> [Exercise goal]:
Transcribe each of the entries exactly.

───── The input ─────

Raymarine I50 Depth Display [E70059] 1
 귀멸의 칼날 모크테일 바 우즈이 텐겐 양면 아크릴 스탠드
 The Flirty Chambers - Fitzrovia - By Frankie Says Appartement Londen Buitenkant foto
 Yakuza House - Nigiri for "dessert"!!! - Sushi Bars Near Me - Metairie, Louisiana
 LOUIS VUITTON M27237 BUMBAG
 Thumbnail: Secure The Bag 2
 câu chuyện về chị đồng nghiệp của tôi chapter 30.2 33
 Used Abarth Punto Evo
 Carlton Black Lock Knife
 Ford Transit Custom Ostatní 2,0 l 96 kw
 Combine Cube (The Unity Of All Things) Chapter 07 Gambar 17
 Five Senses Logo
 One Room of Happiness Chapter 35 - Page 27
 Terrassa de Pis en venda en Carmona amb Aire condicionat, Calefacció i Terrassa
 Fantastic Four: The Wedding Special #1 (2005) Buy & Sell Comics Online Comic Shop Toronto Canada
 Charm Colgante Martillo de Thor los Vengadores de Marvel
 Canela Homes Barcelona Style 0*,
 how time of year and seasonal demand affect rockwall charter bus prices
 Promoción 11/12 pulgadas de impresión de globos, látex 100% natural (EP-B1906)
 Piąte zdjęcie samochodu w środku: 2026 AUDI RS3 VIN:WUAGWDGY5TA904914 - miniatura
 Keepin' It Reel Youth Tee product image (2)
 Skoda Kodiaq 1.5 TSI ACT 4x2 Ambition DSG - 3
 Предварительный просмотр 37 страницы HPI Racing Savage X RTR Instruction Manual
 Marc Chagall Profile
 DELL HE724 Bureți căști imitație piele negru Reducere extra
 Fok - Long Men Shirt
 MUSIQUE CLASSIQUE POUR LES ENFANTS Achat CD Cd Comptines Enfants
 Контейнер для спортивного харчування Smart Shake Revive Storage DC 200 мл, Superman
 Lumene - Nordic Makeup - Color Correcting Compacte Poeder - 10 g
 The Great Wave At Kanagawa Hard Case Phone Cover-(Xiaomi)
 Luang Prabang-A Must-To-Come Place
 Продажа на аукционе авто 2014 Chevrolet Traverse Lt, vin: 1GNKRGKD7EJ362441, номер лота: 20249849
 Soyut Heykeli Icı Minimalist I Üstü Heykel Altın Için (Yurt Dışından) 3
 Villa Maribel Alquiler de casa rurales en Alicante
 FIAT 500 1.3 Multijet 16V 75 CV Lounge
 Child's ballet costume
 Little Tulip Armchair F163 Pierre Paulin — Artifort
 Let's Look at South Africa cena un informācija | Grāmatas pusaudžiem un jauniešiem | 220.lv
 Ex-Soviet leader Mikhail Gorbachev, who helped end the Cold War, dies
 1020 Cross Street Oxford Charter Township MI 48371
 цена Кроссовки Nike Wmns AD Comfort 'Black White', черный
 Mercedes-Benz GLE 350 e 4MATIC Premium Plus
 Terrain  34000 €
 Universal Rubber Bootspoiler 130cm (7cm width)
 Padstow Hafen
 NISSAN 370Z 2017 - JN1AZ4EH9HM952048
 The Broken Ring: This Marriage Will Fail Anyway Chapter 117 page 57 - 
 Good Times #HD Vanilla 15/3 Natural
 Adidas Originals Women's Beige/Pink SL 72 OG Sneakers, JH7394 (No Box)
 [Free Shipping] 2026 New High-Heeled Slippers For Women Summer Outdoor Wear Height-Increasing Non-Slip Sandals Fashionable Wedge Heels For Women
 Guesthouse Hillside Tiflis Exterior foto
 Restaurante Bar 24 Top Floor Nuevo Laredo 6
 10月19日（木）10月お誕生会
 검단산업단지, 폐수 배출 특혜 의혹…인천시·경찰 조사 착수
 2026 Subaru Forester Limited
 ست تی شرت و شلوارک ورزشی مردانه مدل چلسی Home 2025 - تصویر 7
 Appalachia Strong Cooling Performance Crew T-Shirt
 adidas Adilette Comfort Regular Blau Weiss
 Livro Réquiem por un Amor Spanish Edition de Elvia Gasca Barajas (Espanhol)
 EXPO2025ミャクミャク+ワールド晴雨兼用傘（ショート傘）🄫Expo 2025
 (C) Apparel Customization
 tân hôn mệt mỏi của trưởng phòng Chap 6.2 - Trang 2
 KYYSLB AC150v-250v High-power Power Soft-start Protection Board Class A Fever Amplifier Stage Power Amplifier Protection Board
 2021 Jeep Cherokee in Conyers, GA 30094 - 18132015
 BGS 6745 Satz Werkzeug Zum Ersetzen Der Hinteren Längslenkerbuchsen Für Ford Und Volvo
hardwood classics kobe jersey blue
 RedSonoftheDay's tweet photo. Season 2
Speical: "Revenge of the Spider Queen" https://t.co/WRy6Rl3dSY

─────

> [Exercise response]:
Raymarine I50 Depth Display [E70059] 1
 귀멸의 칼날 모크테일 바 우즈이 텐겐 양면 아크릴 스탠드
 The Flirty Chambers - Fitzrovia - By Frankie Says Appartement Londen Buitenkant foto
 Yakuza House - Nigiri for "dessert"!!! - Sushi Bars Near Me - Metairie, Louisiana
 LOUIS VUITTON M27237 BUMBAG
 Thumbnail: Secure The Bag 2
 câu chuyện về chị đồng nghiệp của tôi chapter 30.2 33
 Used Abarth Punto Evo
 Carlton Black Lock Knife
 Ford Transit Custom Ostatní 2,0 l 96 kw
 Combine Cube (The Unity Of All Things) Chapter 07 Gambar 17
 Five Senses Logo
 One Room of Happiness Chapter 35 - Page 27
 Terrassa de Pis en venda en Carmona amb Aire condicionat, Calefacció i Terrassa
 Fantastic Four: The Wedding Special #1 (2005) Buy & Sell Comics Online Comic Shop Toronto Canada
 Charm Colgante Martillo de Thor los Vengadores de Marvel
 Canela Homes Barcelona Style 0*,
 how time of year and seasonal demand affect rockwall charter bus prices
 Promoción 11/12 pulgadas de impresión de globos, látex 100% natural (EP-B1906)
 Piąte zdjęcie samochodu w środku: 2026 AUDI RS3 VIN:WUAGWDGY5TA904914 - miniatura
 Keepin' It Reel Youth Tee product image (2)
 Skoda Kodiaq 1.5 TSI ACT 4x2 Ambition DSG - 3
 Предварительный просмотр 37 страницы HPI Racing Savage X RTR Instruction Manual
 Marc Chagall Profile
 DELL HE724 Bureți căști imitație piele negru Reducere extra
 Fok - Long Men Shirt
 MUSIQUE CLASSIQUE POUR LES ENFANTS Achat CD Cd Comptines Enfants
 Контейнер для спортивного харчування Smart Shake Revive Storage DC 200 мл, Superman
 Lumene - Nordic Makeup - Color Correcting Compacte Poeder - 10 g
 The Great Wave At Kanagawa Hard Case Phone Cover-(Xiaomi)
 Luang Prabang-A Must-To-Come Place
 Продажа на аукционе авто 2014 Chevrolet Traverse Lt, vin: 1GNKRGKD7EJ362441, номер лота: 20249849
 Soyut Heykeli Icı Minimalist I Üstü Heykel Altın Için (Yurt Dışından) 3
 Villa Maribel Alquiler de casa rurales en Alicante
 FIAT 500 1.3 Multijet 16V 75 CV Lounge
 Child's ballet costume
 Little Tulip Armchair F163 Pierre Paulin — Artifort
 Let's Look at South Africa cena un informācija | Grāmatas pusaudžiem un jauniešiem | 220.lv
 Ex-Soviet leader Mikhail Gorbachev, who helped end the Cold War, dies
 1020 Cross Street Oxford Charter Township MI 48371
 цена Кроссовки Nike Wmns AD Comfort 'Black White', черный
 Mercedes-Benz GLE 350 e 4MATIC Premium Plus
 Terrain  34000 €
 Universal Rubber Bootspoiler 130cm (7cm width)
 Padstow Hafen
 NISSAN 370Z 2017 - JN1AZ4EH9HM952048
 The Broken Ring: This Marriage Will Fail Anyway Chapter 117 page 57 - 
 Good Times #HD Vanilla 15/3 Natural
 Adidas Originals Women's Beige/Pink SL 72 OG Sneakers, JH7394 (No Box)
 [Free Shipping] 2026 New High-Heeled Slippers For Women Summer Outdoor Wear Height-Increasing Non-Slip Sandals Fashionable Wedge Heels For Women
 Guesthouse Hillside Tiflis Exterior foto
 Restaurante Bar 24 Top Floor Nuevo Laredo 6
 10月19日（木）10月お誕生会
 검단산업단지, 폐수 배출 특혜 의혹…인천시·경찰 조사 착수
 2026 Subaru Forester Limited
 ست تی شرت و شلوارک ورزشی مردانه مدل چلسی Home 2025 - تصویر 7
 Appalachia Strong Cooling Performance Crew T-Shirt
 adidas Adilette Comfort Regular Blau Weiss
 Livro Réquiem por un Amor Spanish Edition de Elvia Gasca Barajas (Espanhol)
 EXPO2025ミャクミャク+ワールド晴雨兼用傘（ショート傘）🄫Expo 2025
 (C) Apparel Customization
 tân hôn mệt mỏi của trưởng phòng Chap 6.2 - Trang 2
 KYYSLB AC150v-250v High-power Power Soft-start Protection Board Class A Fever Amplifier Stage Power Amplifier Protection Board
 2021 Jeep Cherokee in Conyers, GA 30094 - 18132015
 BGS 6745 Satz Werkzeug Zum Ersetzen Der Hinteren Längslenkerbuchsen Für Ford Und Volvo
hardwood classics kobe jersey blue
 RedSonoftheDay's tweet photo. Season 2
Speical: "Revenge of the Spider Queen" https://t.co/WRy6Rl3dSY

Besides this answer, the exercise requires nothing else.